** Opening DATASET RECORDS block **
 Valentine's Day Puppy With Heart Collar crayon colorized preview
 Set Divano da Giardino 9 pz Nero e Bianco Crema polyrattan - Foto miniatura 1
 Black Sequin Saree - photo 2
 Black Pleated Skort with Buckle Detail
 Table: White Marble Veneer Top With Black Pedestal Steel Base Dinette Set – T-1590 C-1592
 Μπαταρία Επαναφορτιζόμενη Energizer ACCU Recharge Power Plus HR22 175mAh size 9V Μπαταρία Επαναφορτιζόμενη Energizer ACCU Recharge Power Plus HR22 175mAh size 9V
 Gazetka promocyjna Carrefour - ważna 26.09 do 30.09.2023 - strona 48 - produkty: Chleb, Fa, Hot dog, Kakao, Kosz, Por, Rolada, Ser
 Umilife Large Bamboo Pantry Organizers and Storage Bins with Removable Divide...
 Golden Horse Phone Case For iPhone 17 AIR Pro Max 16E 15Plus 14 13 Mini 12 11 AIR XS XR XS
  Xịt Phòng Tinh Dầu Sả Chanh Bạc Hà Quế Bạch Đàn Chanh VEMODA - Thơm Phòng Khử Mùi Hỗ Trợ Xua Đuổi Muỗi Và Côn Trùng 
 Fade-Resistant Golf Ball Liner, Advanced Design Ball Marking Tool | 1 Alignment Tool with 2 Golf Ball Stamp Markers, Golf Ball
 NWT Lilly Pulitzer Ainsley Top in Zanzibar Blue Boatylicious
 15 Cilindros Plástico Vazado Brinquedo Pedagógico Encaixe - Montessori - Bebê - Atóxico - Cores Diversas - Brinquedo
** Closing DATASET RECORDS block **
TRY IT
Once you find the line containing "Black Pleated Skort with Buckle Detail", stop: reproduce exactly that line and every line of the data before it, and nothing else.

EXPECTED OUTPUT
 Valentine's Day Puppy With Heart Collar crayon colorized preview
 Set Divano da Giardino 9 pz Nero e Bianco Crema polyrattan - Foto miniatura 1
 Black Sequin Saree - photo 2
 Black Pleated Skort with Buckle Detail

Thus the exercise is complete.